With $\mathbf r_t\in\mathbb R^n$ denoting the vector of log‑returns at time $t$, the sample covariance matrix is then

\[ \hat\Sigma = \frac{1}{T-1} \sum_{t=1}^{T-1} \bigl(\mathbf r_t - \hat{\boldsymbol\mu}\bigr) \bigl(\mathbf r_t - \hat{\boldsymbol\mu}\bigr)^\top, \]

where the factor $1/(T-1)$ ensures $\hat\Sigma$ is an unbiased estimator of the true covariance.

Computation

To calculate the sample covariance matrix we build the return matrix by stacking log‑returns into an $(T-1)\times n$ matrix

\[ R = \begin{bmatrix} \mathbf r^{(1)} & \mathbf r^{(2)} & \cdots & \mathbf r^{(n)} \end{bmatrix}, \]

where each column

\[ \mathbf r^{(i)} = \bigl(r_1^{(i)}, r_2^{(i)}, \dots, r_{T-1}^{(i)}\bigr)^\top \]

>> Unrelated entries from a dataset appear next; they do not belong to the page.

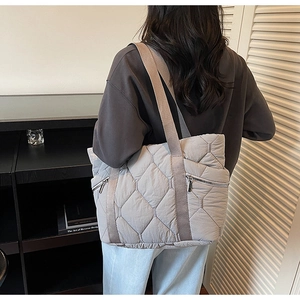 Detailed view of grey quilted tote bag featuring symmetric zipper pockets and nylon straps
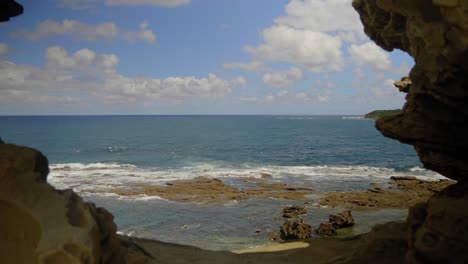looking-through-a-gap-in-the-rock-formations-of-eagles-nest-out-towards-the-ocean-on-Bass-Coast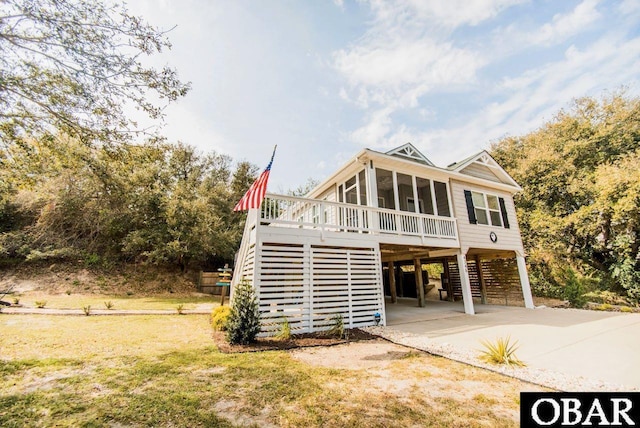 view of front facade featuring stairs, a carport, and a sunroom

contains the log‑returns of asset $i$: $$ r_t^{(i)} = \ln\bigl(\tfrac{p_{t+1}^{(i)}}{p_t^{(i)}}\bigr). $$

Then we center the return matrix by subtracting each column’s mean from its entries, i.e.\ $$ \tilde R = R - \mathbf1\,\hat{\boldsymbol\mu}^\top, \quad \hat{\boldsymbol\mu} = \frac{1}{T-1}\,R^\top\mathbf1. $$

Finally, the sample covariance matrix is found as follows:

\[ \hat\Sigma = \frac{1}{T-1}\,\tilde R^\top\,\tilde R = \frac{1}{T-1} \sum_{t=1}^{T-1} (\mathbf r_t - \hat\mu)(\mathbf r_t - \hat\mu)^\top. \]

Note: Because $\hat{\boldsymbol\mu}$ itself is a function of log‑returns, the sample covariance ultimately builds on log‑returns. Ensuring log‑returns are well‑justified (e.g., by the normality assumption in Osborne’s work) is therefore crucial, as it underpins every step of this construction.

Numerical Example: Sample Covariance Matrix

Using our nine days of log‑returns for six assets (AAPL, AMZN, GOOG, MSFT, TQQQ, TSLA) from the numerical example, we obtain:

	AAPL	AMZN	GOOG	MSFT	TQQQ	TSLA
AAPL	0.000299	0.000097	-0.000012	0.000027	-0.000035	0.000058
AMZN	0.000097	0.000285	-0.000078	0.000254	0.000244	0.000202
GOOG	-0.000012	-0.000078	0.000851	0.000265	0.000189	0.000099
MSFT	0.000027	0.000254	0.000265	0.000587	0.000374	0.000011
TQQQ	-0.000035	0.000244	0.000189	0.000374	0.000603	0.000328
TSLA	0.000058	0.000202	0.000099	0.000011	0.000328	0.000752

Diagonal entries are each asset’s daily variance (volatility squared).
Off‑diagonals are daily covariances, measuring how pairs of assets co‑move:
- Positive values (e.g. AMZN‑MSFT) indicate returns tend to rise and fall together.
- Negative values (e.g. AAPL‑TQQQ) indicate opposite movements.

Interpretation and Usage

In mean–variance optimization, $\hat\Sigma$ enters as the risk (variance) term you minimize for a given expected return.
In risk‑parity, you assign weights so that each asset’s contribution to overall portfolio risk, computed via $\hat\Sigma$, is equal.

Because both frameworks rely on the same $\hat\Sigma$ built from log‑returns and the sample mean, the justification of log‑returns’ properties (e.g., approximate normality) propagates through to your portfolio construction rules.